Greetings from Louisiana rice country! This year, the blog will concentrate research conducted at the LSU AgCenter Rice Research Station, in addition to showing the progress of a 6-acre field of rice planted March 19 to produce foundation seed. We encourage your comments and thoughts to help improve this online tool. If you would like a photograph of a particular piece of equipment or a better explanation of a process, let us know.

Wednesday, May 30, 2007

Rice crop in transition

The rice crop in the blog field has entered a critical stage, according to Dr. Richard Dunand, LSU AgCenter plant physiologist at the Rice Research Station.
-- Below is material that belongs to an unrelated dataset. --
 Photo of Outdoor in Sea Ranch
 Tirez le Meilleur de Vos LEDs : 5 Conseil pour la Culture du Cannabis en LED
After dissecting a plant, in the photo at left, he concluded that the crop has probably grown beyond the vegetative stage and entered the early phase of the reproductive stage. Dunand said the plants within the next week should reach panicle differentiation when the developing panicle, where the rice kernels will develop, can be found inside the plant with the unaided eye.
The initial stage of the reproductive phase is green ring, distinguished by a distinct green ring around the first white node of the plant just above the root structure, but Dunand concluded that the crop has moved beyond that stage.
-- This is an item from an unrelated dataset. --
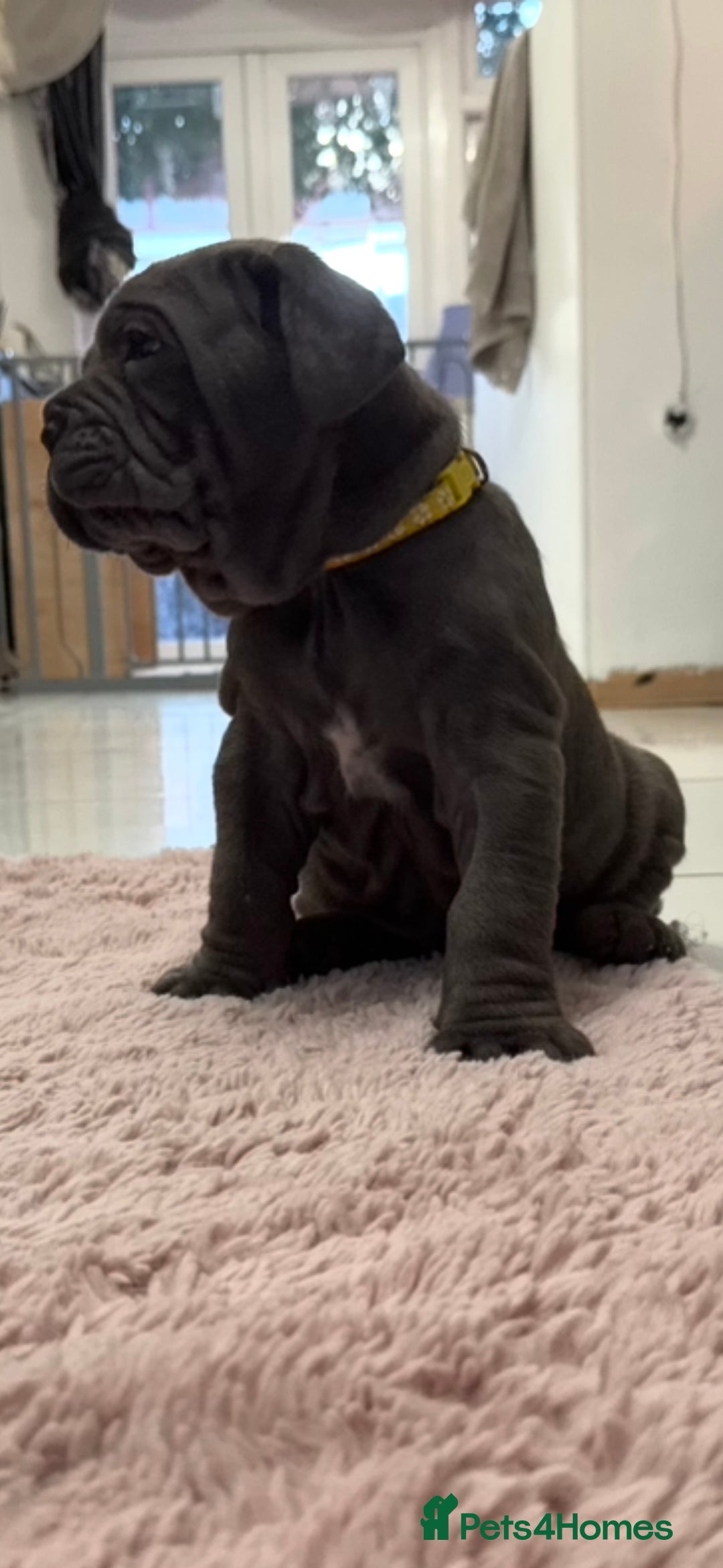 Mastiff dogs for sale: Mastiff puppies (Neapolitan) - Advert 24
Determining the reproductive stage is important for three reasons.
First, Dunand explained, it’s around this point that nitrogen fertilizer has its last chance to be effective. (The field received a top-dressing of fertilizer, as detailed in the previous entry.)\
Second, by this time, fields that were drained to control rice water weevils, and to reduce straighthead, a condition that results in panicles developing with little or no grain, should be reflooded.
And third, as the reproductive stage progresses, the window starts closing on the opportunity to spray 2,4-D herbicide.
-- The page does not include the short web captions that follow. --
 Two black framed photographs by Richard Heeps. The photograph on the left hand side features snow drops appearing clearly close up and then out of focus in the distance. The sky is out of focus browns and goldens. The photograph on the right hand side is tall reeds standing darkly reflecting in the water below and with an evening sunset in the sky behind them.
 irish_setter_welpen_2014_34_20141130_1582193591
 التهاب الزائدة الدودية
As a plant enters the reproductive stage, it tends to curtail tillering, Dunand said.
And a field that has been seeded at a low rate as this one has at 42 pounds an acre, tends to compensate for the low plant population by remaining in the vegetative stage longer and tillering more than a field planted at a higher seeding rate.
Shown to the right is a dissected plant. The tip of the knife is pointing at the area where the panicle will develop.